Parallel Grid

An Ode to Pipes, Seeds and Simplicity

Vincent Warmerdam koaning.io
11-16-2019

One reason to use scikit-learn is to have access to a GridSearchCV object that can run tasks in parallel. But what about things that don’t fit the api? There’s keras/pytorch that needs custom code before it works nicely but there’s also tasks in fields like operations research/heuristics that won’t fit too swell.

I was thinking about a nice way to abstract this and came to the conclusion that this is something you probably don’t want to solve with python. Instead you can solve this from the command line with parallel.

Usecase

The reason I had this usecase was because I was wondering what the effect of a seed is when training a neural network. I don’t like the idea of having a seed as a hyperparameter but I don’t mind having a measure of risk. If the algorithm depends a lot on the seed then this would be a reason not to pick it.

The setup was simple: train a neural network that needs to learn to be the identity function. I decided to generate a dataset with \(k\) columns containing zeros and ones. The neural network would have \(d\) hidden layers that are fully connected and each layer has \(k\) nodes. Below is a drawing for \(k=10\) and \(d=5\).

The reason why these networks are interesting to train for is because they should theoretically be able to always achieve a loss function of zero. The network merely needs to learn the identity function so it only needs to propogate zeros and ones forward.

Still, this is something that will have a random seed so I’ll need to run this many times. This got me wondering about what might be the most convenient approach.

Parellism

From the terminal you can create a sequence appear.


> seq 5
1
2
3
4
5

This output can be piped into another command. In particular it can be piped to the parallel command. This command will run another command from the command line in parallel. Here’s the syntax.
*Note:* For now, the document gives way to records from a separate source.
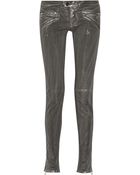 Pierre Balmain Metallic Low-Rise Coated Skinny Jeans - Lyst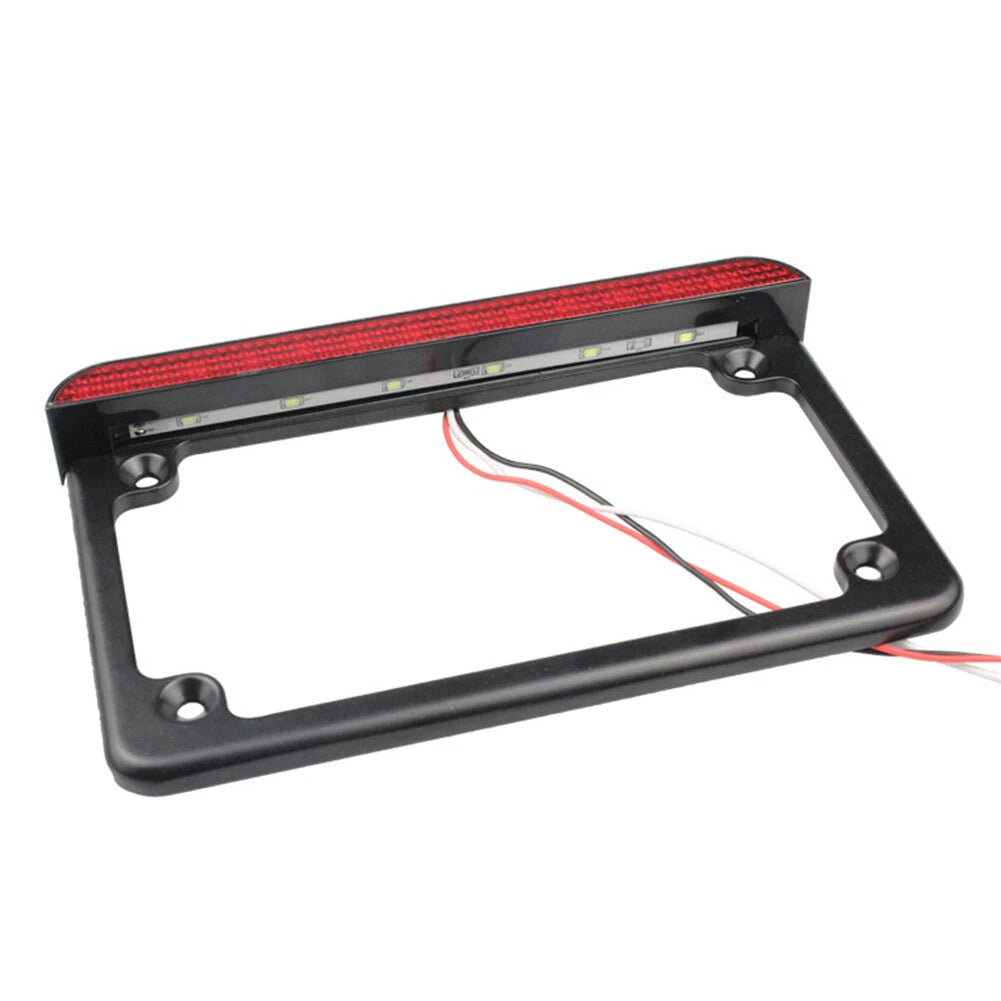Motorcycle License Plate Frame with LED Light for Universal Fit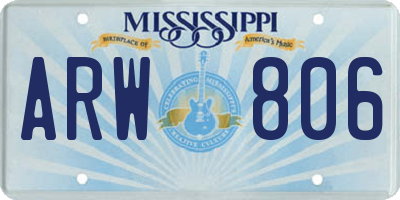 MS license plate ARW806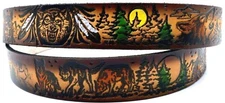  WOLF WESTERN FEATHERS ANIMAL EMBOSSED GENUINE COWHIDE LEATHER BELT USA MADE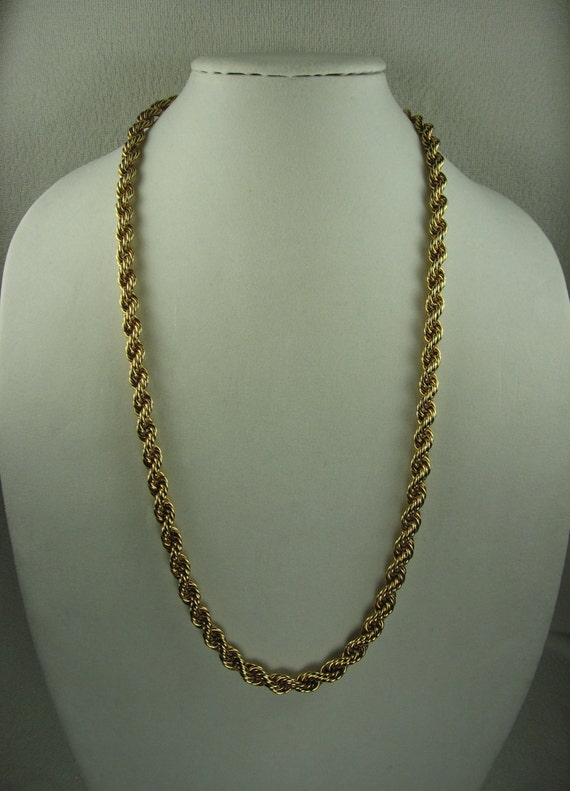 Napier Rope Necklace in Gold Tone by VintageSparkleyBits on Etsy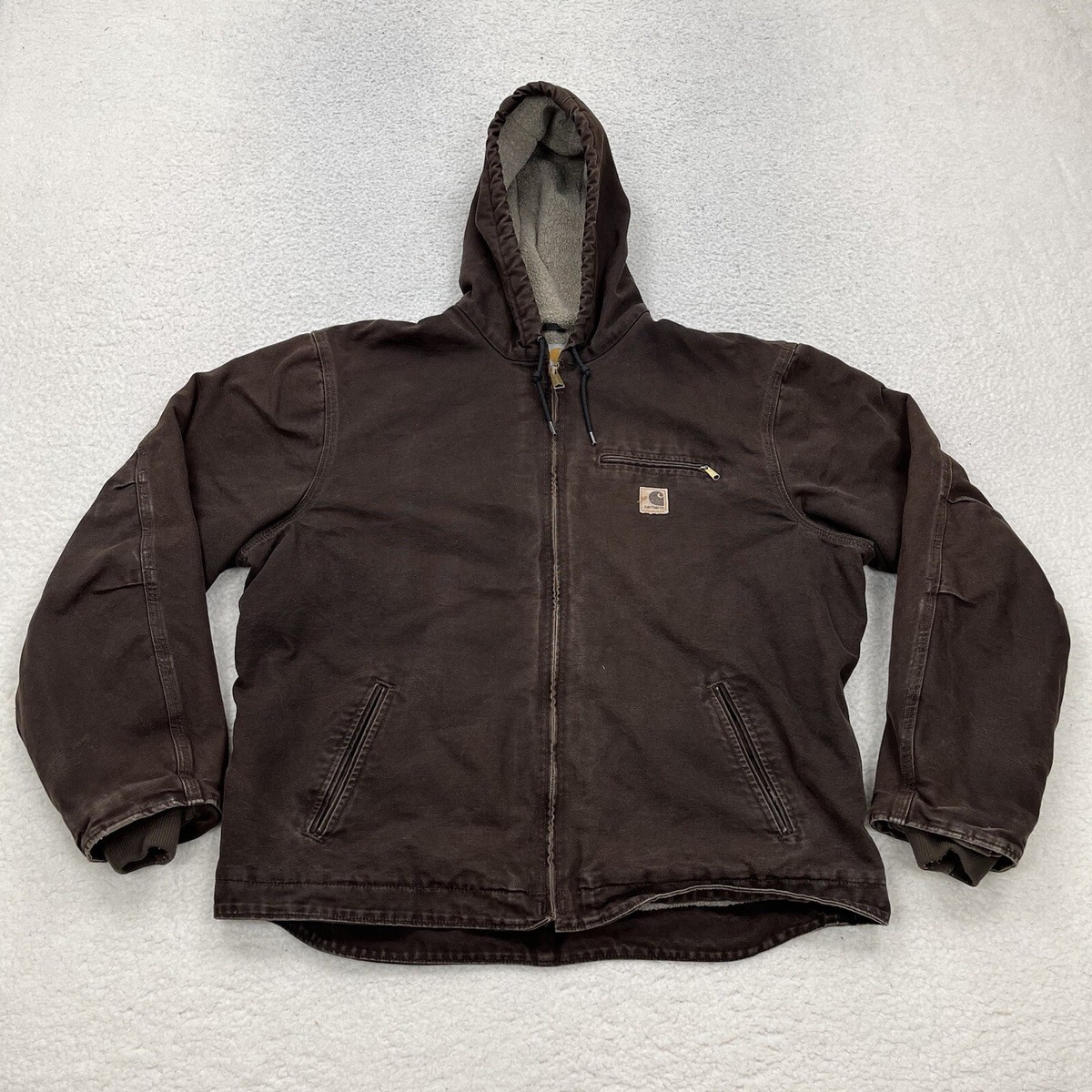 Carhartt Jacket Mens Extra Large Brown Duck Canvas Hooded Carhartt Jacket Mens Extra Large Brown Duck Canvas Hooded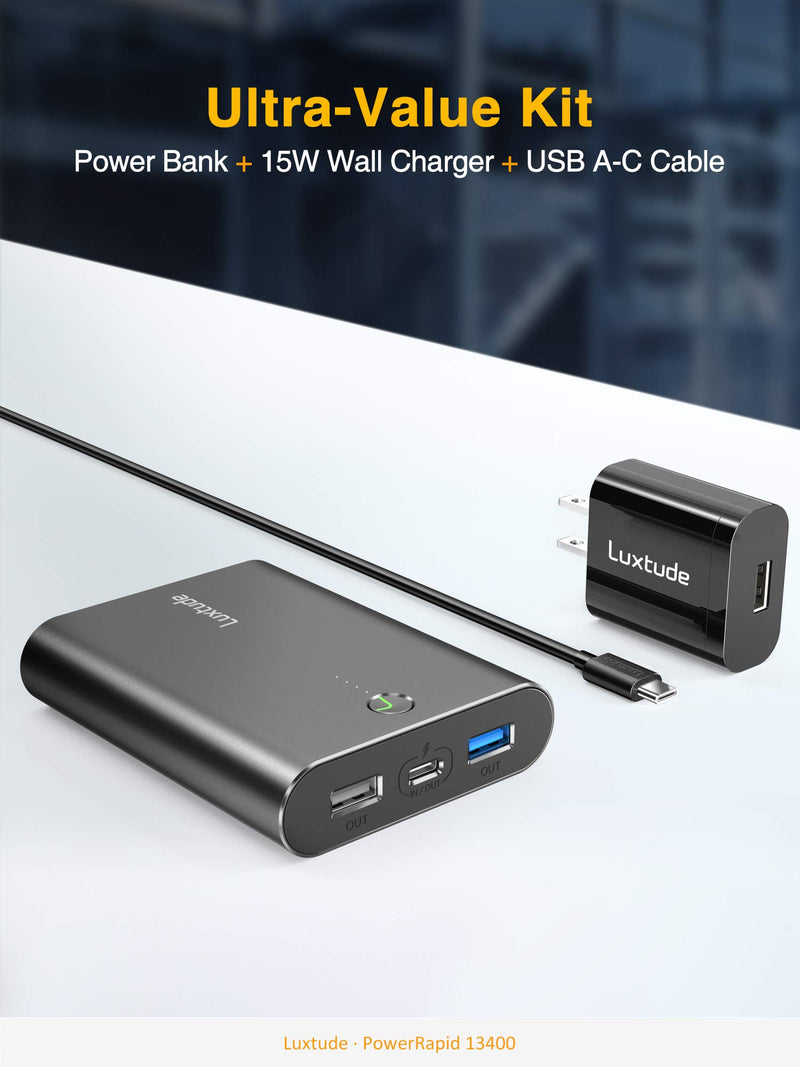 [Australia - AusPower] - Luxtude 13400mAh Power Bank Portable Charger for iPhone, iPad, Samsung and Android, Fast Charging PD Portable Charger, 18W PD &QC 3.0 Power Delivery USB C Power Bank. (USB-C Charger & Cable Included) 13400mAh-Black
seq <numjobs> | parallel -j <threads> <command>

For example. Suppose that I have a job in a python file called main.py which will sample random grid parameters, run an experiment, and log the output to a file. Then this command will run that 1000 times while using 4 threads.


seq 1000 | parallel -j 4 python main.py

Random Python Jobs

The main.py job can be described using randomness.


res = build_train({'num_columns': random.choice([10, 11, 12]), 
                   'num_layers': random.choice([1, 2, 3, 4, 5]),
                   'loss_func': 'binary_crossentropy', 
                   'tf_seed': random.randint(1, 4200),
                   'epochs': 300, 
                   'rows': random.choice([2000, 3000, 4000])})
with open(f"/tmp/gridlogs/{str(uuid.uuid4())[:14]}.jsonl", "w") as f:
    json.dump(res, f)

When you run it with this:


> seq 500 | parallel -j 6 python main.py

Then you’ll run main.py 500 times while having running 6 jobs at a time. But you’re not just limited to random search.

Using Itertools

You could also make it deterministic. Take this jobfile;


# capture.py
import sys

if __name__ == "__main__":
    print(f"i am seeing this input: {sys.argv[1]}")

From python we can capture the that comes out of seq.


> seq 5 | parallel -j 12 python capture.py
i am seeing this input: 1
i am seeing this input: 2
i am seeing this input: 3
i am seeing this input: 4
i am seeing this input: 5

This also means that we can user an iterator to generate a grid and we can have the input determine which settings to select. Example below;


import sys
import time
import itertools as it 

def mkgrid():
    for param_a in range(8):
        for param_b in range(8):
            yield {"param_a": param_a, "param_b": param_b}

grid = mkgrid()

if __name__ == "__main__":
    settings = it.islice(grid, int(sys.argv[1]), int(sys.argv[1]) + 1)
    time.sleep(1)
    print(f"these are the settings: {next(settings)}")

You’ll need to tell seq to start at 0 and end at 63 but that’s about it. This job takes 8 seconds if you have enough cores:


> seq 0 63 | parallel -j 8 python capture.py

Benefits

This approach works pretty well on my mac. It comes with a few cores built in and it’s usually not doing anything during the evening. This approach generated a dataset with a million rows overnight. It might be enough for your jobs too without the need for a cloud vendor.

Also note that you can just log to a random file on a set path on disk. No locking of a single file between processes. There’s also no notebook and just a single main.py file which can still be unit tested.

I also enjoy the feeling that I don’t need to worry about parallism from python. This is just something that the operating systems handles for me now from the command line. Win!

Results

The code can be found in this gist and the main result is summerised in the next chart.

The chart shows the loss over the epochs during training. Each line is a seperate run. The grid shows the number of hidden layers (3, 4, 5) and the number of inputs (10, 11, 12). Notice that not few training procedures converge to zero loss even though this is certainly possible to achieve.

When an algorithm depends so much on the seed, you start wondering if it’s a good idea to fully trust it. It should be said that this phenomenon mainly occurs for very deep neural networks not shallow ones and the example is a bit theoretical. Neural networks with just one hidden layers tend to converge immediately.